Por Michel Zaidan Filho
O conceito de "Patrimonialismo" possui uma longa história nos manuais de administração pública e formas de dominação política. Oriundo das monarquias absolutistas europeias, que surgiram na transição da Idade Média para a Idade Moderna, caracterizava aquelas formas de administração real que fundia a titularidade das terras, colheitas e animais existentes no reino com a fazenda real. Ou seja, o rei dispunha, quando lhe conviesse, de tudo que existia em seu reino, independentemente se fosse dos súditos ou dele mesmo. Toda a luta dos parlamentos e da chamada sociedade civil contra o rei foi no sentido de separar a propriedade real (depois, pública) da propriedade privada (dos súditos), de forma que esta não estivesse subordinada aos interesses e necessidades da Coroa.
Até hoje se discute se o modelo da monarquia portuguesa foi ou não patrimonialista. 0 principal estudioso dessa herança maldita foi o ex-presidente da OAB, Raimundo Faoro, num livro clássico intitulado: "Os Donos do Poder". São mais de 500 páginas destinadas a provar que a história da administração pública no Brasil só reproduz a herança patrimonialista da monarquia lusitana, passando por autores consagrados como Gilberto Freyre, Sérgio Buarque de Holanda, Roberto da Matta etc. Afinal, conservamos ou não - ainda hoje - esse estilo de administração pública, elevado à categoria de um "tipo de dominação" na famosa tipologia do sociólogo alemão Max Weber?
Essa é a história do Brasil: os esforços para implantar entre nós um regime republicano e uma administração moderna, submetida à Constituição. A nossa carta maior de 1988 aprovou pela primeira vez um capítulo sobre a administração pública, tipificando os crimes contra o interesse e o erário público. E o ex-ministro Bresser Pereira chegou a falar em "Direitos Republicanos", uma quarta geração de direitos, ligados à boa gestão dos negócios públicos. Infelizmente, como diria Oliveira Viana, existe o Brasil ideal e o Brasil real. Entre eles medra uma enorme distância que, segundo o sociólogo, só podia ser enfrentada com uma modalidade de "autoritarismo instrumental", não através das leis e dos bons costumes. 0 fato é que apesar dos inegáveis avanços no trato da coisa pública e da publicização das boas práticas de gestão pública no Brasil, persiste o vezo, o costume, o hábito de tratar a ação administrativa do município ou do Estado "como coisa sua", da "sua família" ou do seu "grupo político", ao arrepio das leis e dos avanços conquistados.
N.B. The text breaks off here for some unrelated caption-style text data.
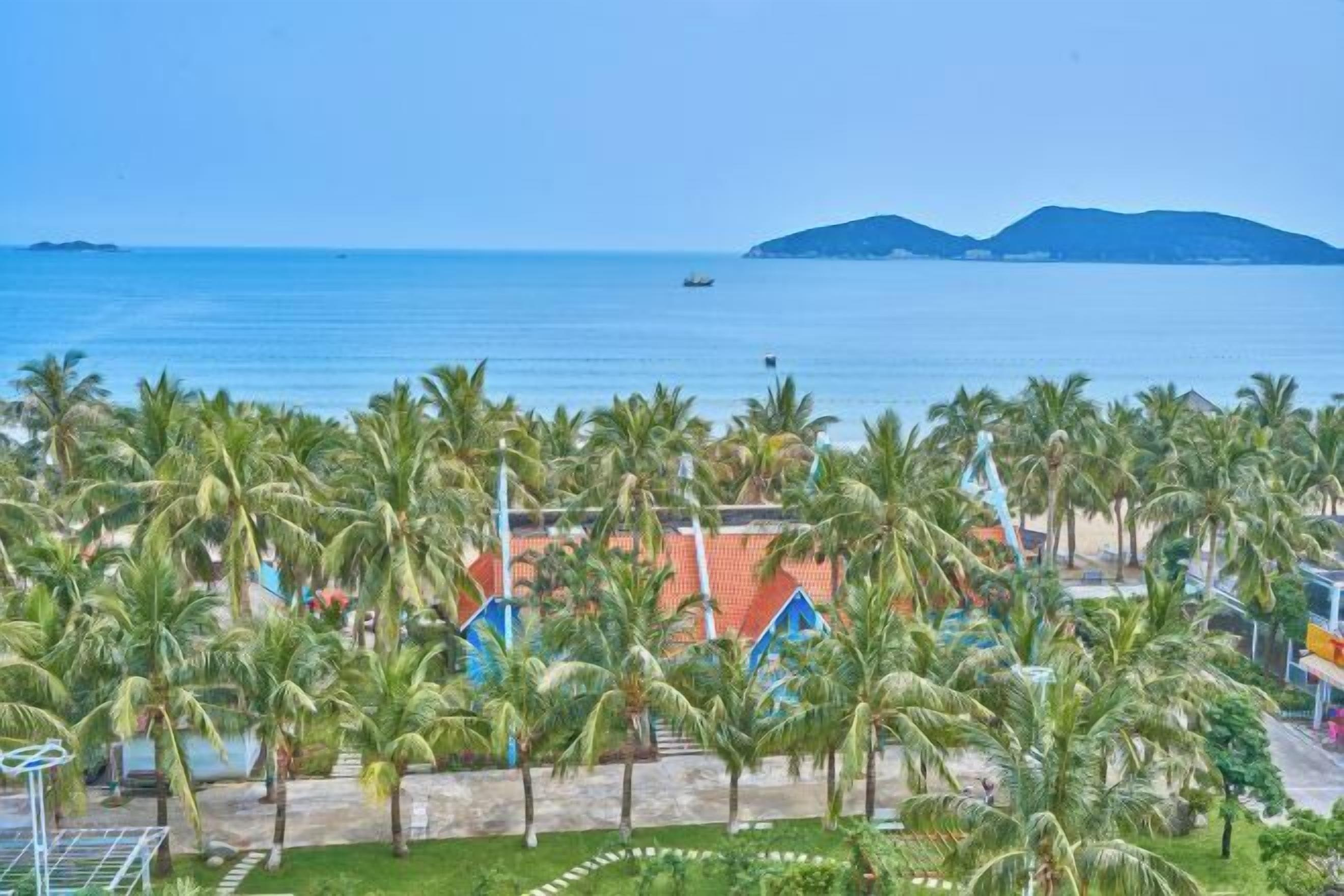 A coastal view with palm trees, a beach, and a distant mountain range.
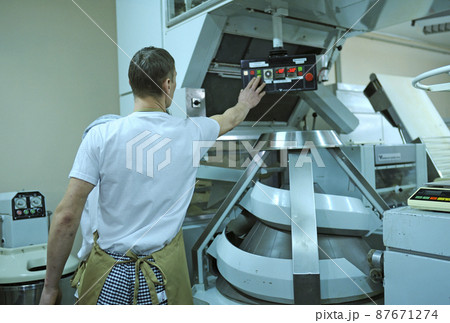 At the bakery: male baker regulating level of power on a control panel of a dough kneading machine At the bakery: male baker regulating level of power on a control panel of a dough kneading machine 87671274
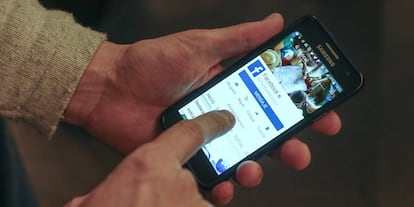 Un hombre consulta Facebook en el móvil.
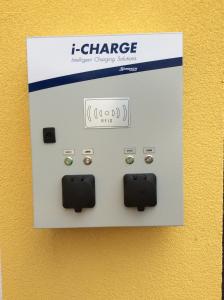 an electrical outlet with a charger on a wall at Villa Desiree - Hotel Garni - Adults Only in Egg am Faaker See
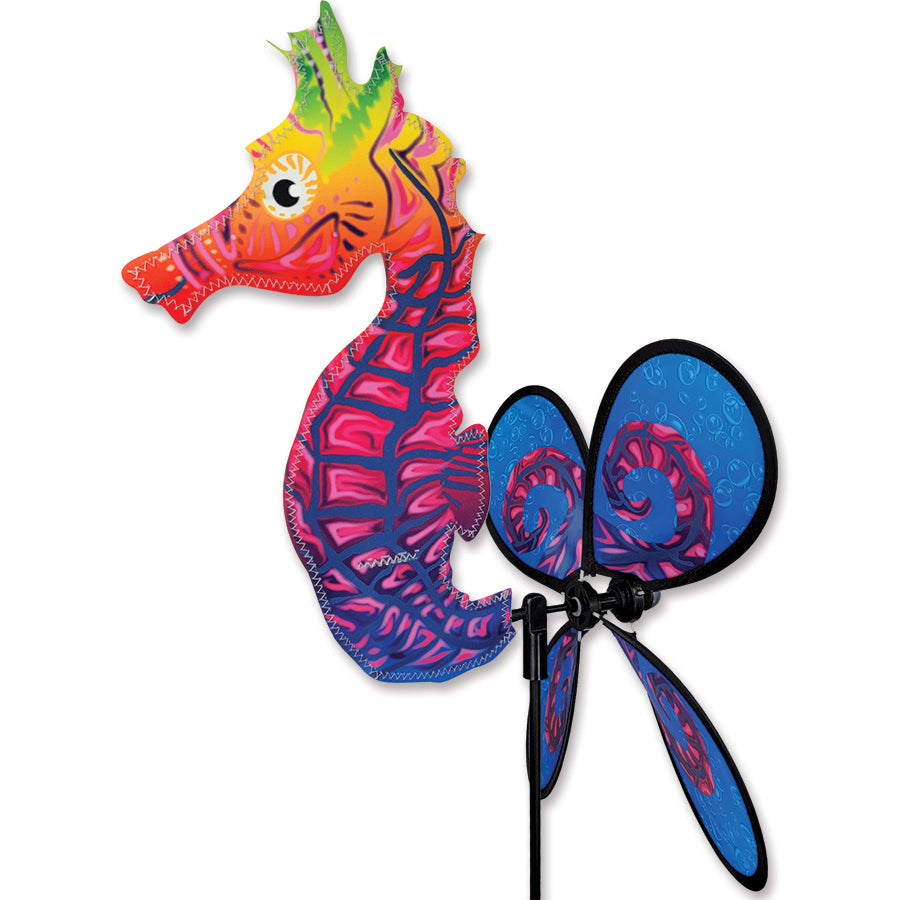 Petite Seahorse spinner in vibrant colors, gracefully twirling in an outdoor garden setting, showcasing its delightful design and compact size.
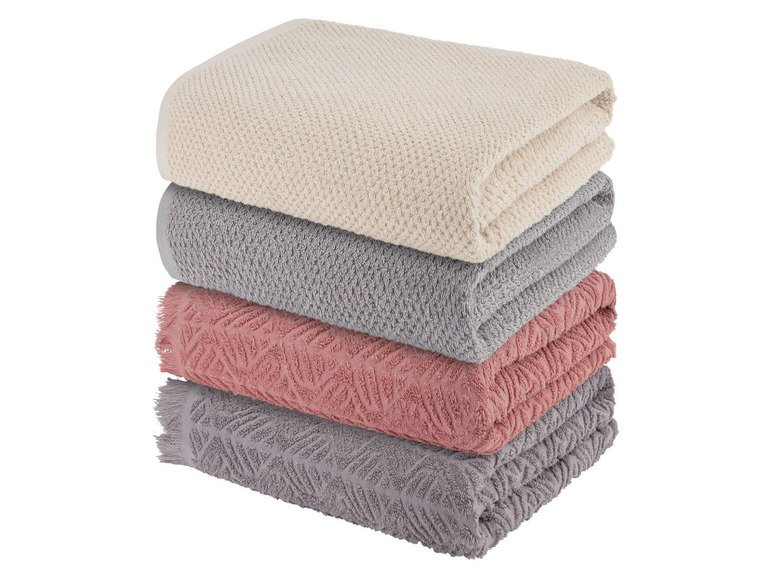 Ein Stapel Handtücher in verschiedenen Farben.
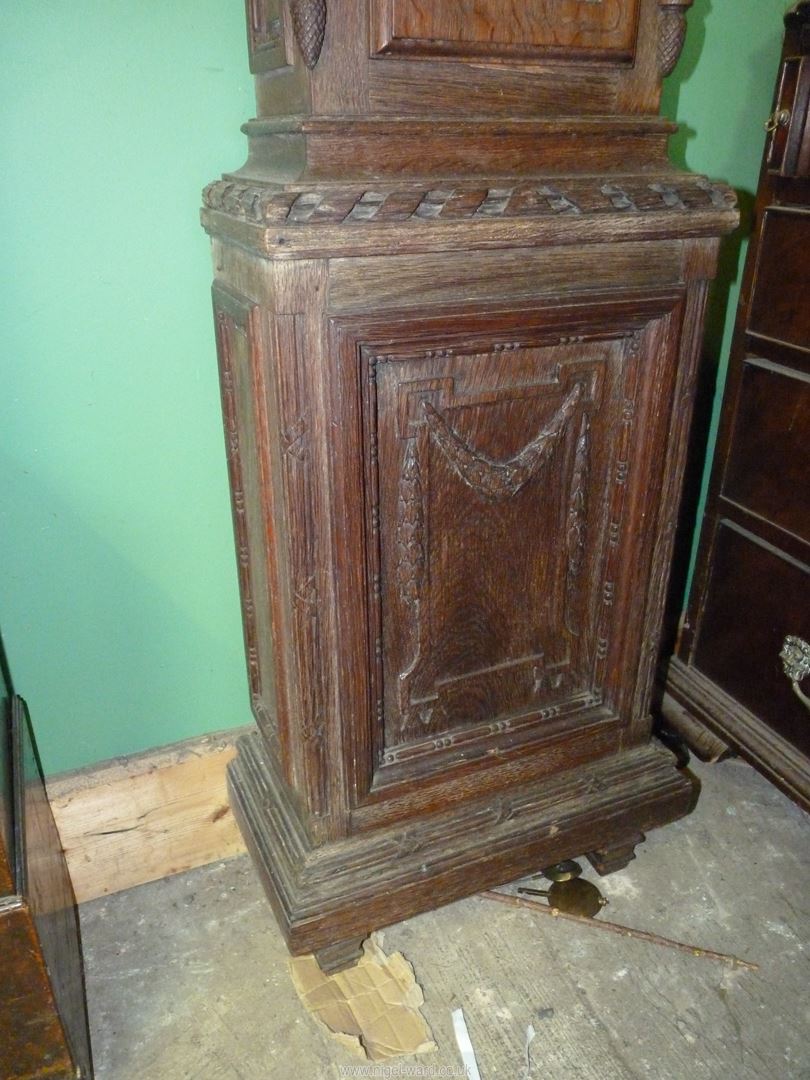 An unusually slender Oak cased long-case Clock, the case decorated in relief with bows and swags, - Image 6 of 7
É o caso de Pernambuco. Abro o computador e sou obrigado, como cidadão, a me deparar com a notícia que uma vez por mês alguma obra, serviço, equipamento, logradouro, aeroporto, viaduto, ponte etc. ganha o nome de um ex-governador recentemente desaparecido. É de se perguntar como uma geração de aprendizes da política recrutada nos Tribunais de Conta do Estado não aprenderam nada em sua atividade de auditores e fiscais das contas públicas, sobre o conceito de patrimonialismo e republicanismo. A administração pública é impessoal, legal e da ética republicana, diz a Constituição cidadã. Essa turma não leu ou não respeita os mandamentos constitucionais e se submete, antes, a algum dever de lealdade dominicana ao chefe ou a quem os elegeu, ou à família do chefe? É, por acaso, o Estado de Pernambuco uma capitania hereditária de algum feudo ou oligarquia familiar? - Qual o sentido dessa administração familista? Perpetuar a memória do falecido, através dessas homenagem com o dinheiro público, para que seus descendentes e correligionários possam usá-las politicamente, nas próximas eleições?
A cidade, como o Estado, pertence aos cidadãos e cidadãs de Pernambuco. Não podem ser usadas discricionariamente pelos seus governantes para fins ou objetivos pouco republicanos. O patrimonialismo na gestão pública é crime de lesa-república e merece ser ajuizado pelo Ministério Público, para que tenhamos uma gestão que faça jus aos brios político do povo pernambucano.